Tech lay-offs in China extend into year-end as Bilibili and Weibo cut headcount in worsening economy
- Video streaming platform Bilibili and Twitter-like microblogging service Weibo have cut hundreds of people from their workforce
- Across the country, joblessness is especially acute among youth, for whom the tech sector is one of the biggest employers
Job losses in China’s technology sector show no sign of easing as 2022 nears its end, with video-streaming platform Bilibili and Twitter-like microblogging service Weibo laying off hundreds of employees under the name of “business optimisation” amid a challenging economy.
While Chinese tech firms rarely admit to slashing jobs because lay-offs involving more than 20 employees require intervention from labour authorities under Chinese law, many companies have been carrying out so-called business restructuring since last year in a rush to cut costs.
The latest round of lay-offs at Shanghai-based Bilibili affects the company’s live-streaming and product divisions, according to two people familiar with the matter, who declined to be named because they were not authorised to speak with media.
Bilibili said in a statement on Wednesday that it has been adjusting some businesses, but there have been “no large-scale lay-offs”.
The year-end adjustments came after the company trimmed about 20 per cent of its positions in May, according to several Chinese media reports. Chen Rui, chairman and CEO of Bilibili, said in an earnings call last month that one of the company’s priorities was to cut losses.
While the precise reduction in headcount will only be revealed early next year when Hong Kong- and Nasdaq-listed Bilibili releases its annual report, the job cuts mark a sharp contrast with its boom years.
Bilibili’s payroll size ballooned a whopping 80 per cent from under 4,800 to over 8,600 in 2020, and grew a further 42 per cent to nearly 12,300 by the end of 2021.

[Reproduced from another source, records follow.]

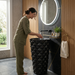 Bassino Geometric Black Pedestal Wash Basin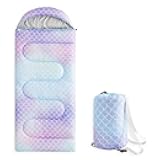 Kids Sleeping Bag for Girls Toddlers, Camping in Warm Cold Weather, Backpacking Lightweight Compact Outdoor Liner for 3 Seasons Summer Spring Fall, Mermaid Purple Blue
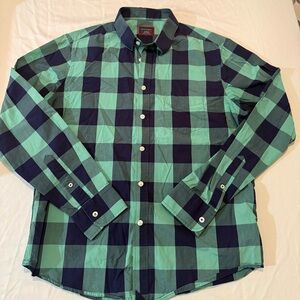 UNTUCKit Teal and Navy Plaid Shirt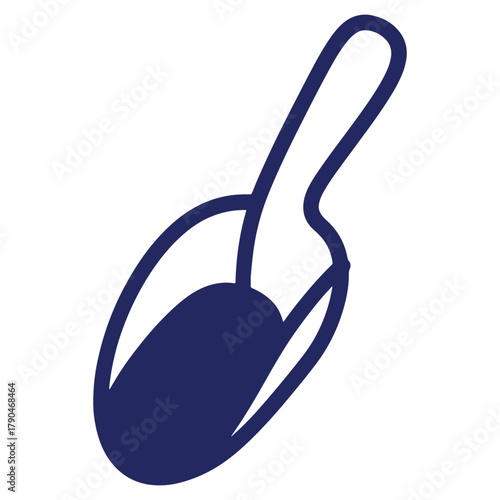 Stylized dark blue scoop illustration for cooking or serving food in a modern and clean design aesthetic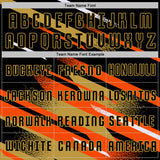 Custom Black Orange Old Gold-White Grunge Stripe And Grainy Sports Sublimation Soccer Uniform Jersey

Beijing-based and Nasdaq-listed Weibo, which had a roughly 6,100-strong workforce at the end of 2021, also let go of an unknown number of employees this week, according to one person currently employed at the company.
Weibo did not respond to a request for comment
China’s tech sector, which had for years been a major job creator for young and well-educated workers, has seen a wave of lay-offs over the past months.
Across the country, joblessness is especially acute among youth: while the overall urban unemployment rate in China was 5.5 per cent at the end of October, the rate for those between 16 and 24 years old was more than three times greater at 17.9 per cent.
Reports of jobs cuts in the tech sector were so intense that China’s internet regulator made a rare statement this April to allay concerns, saying that employment in the country’s top 12 internet firms, including Bilibili and Weibo, remained strong, with a net growth of 79,100 jobs from July 2021 to March 2022.
In the following months, however, data disclosed by China’s Big Tech firms revealed deepening job cuts.
E-commerce giant Alibaba Group Holding slashed almost 1,800 employees from its payroll in the third quarter, after reducing nearly 10,000 workers in the previous quarter. It retained roughly 243,900 personnel as of the end of September.
Alibaba owns the South China Morning Post.
The job cuts in Chinese tech companies, which came amid a regulatory crackdown on the industry and an economic slowdown, happened in tandem with lay-offs at their global counterparts.
Around the globe, job reduction in 917 tech companies affected more than 144,500 people this year, according to a tally by Layoffs.fyi, a website that tracks job cuts in the sector.